*** Data excerpt Section Begins ***
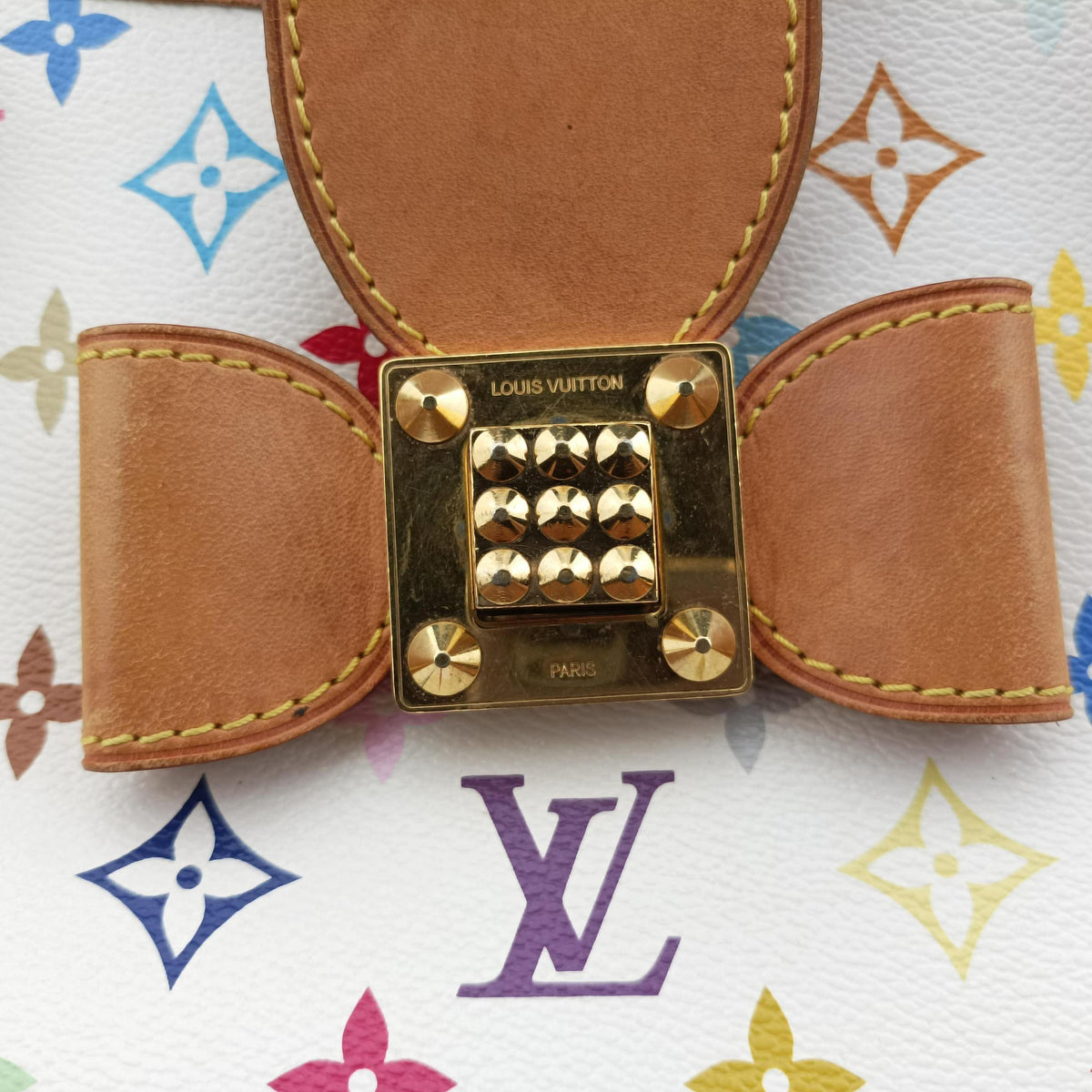 Pre-owned Louis Vuitton ANNIE MM white Monogram Multicolor M40307 shoulderbag | stylenewstar
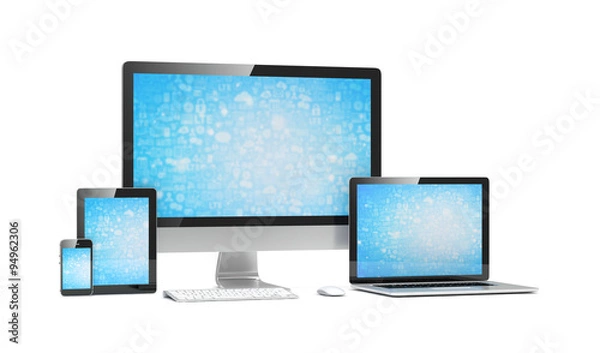 Fototapeta Ultimate web design, laptop, smartphone, tablet, computer, display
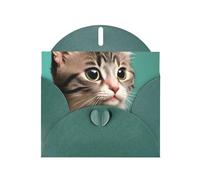 Dark Green WHJSHOP A curious cat Prints Greeting Card - High-End Pearlescent Paper Double Sided Pearl Effect Love Buckle Pearl Paper Envelope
*** Data excerpt Section Ends ***
Retype the data exactly as it stands, but keep the images out of your copy.

» **Result of this exercise**
 Pre-owned Louis Vuitton ANNIE MM white Monogram Multicolor M40307 shoulderbag | stylenewstar
 Fototapeta Ultimate web design, laptop, smartphone, tablet, computer, display
 Dark Green WHJSHOP A curious cat Prints Greeting Card - High-End Pearlescent Paper Double Sided Pearl Effect Love Buckle Pearl Paper Envelope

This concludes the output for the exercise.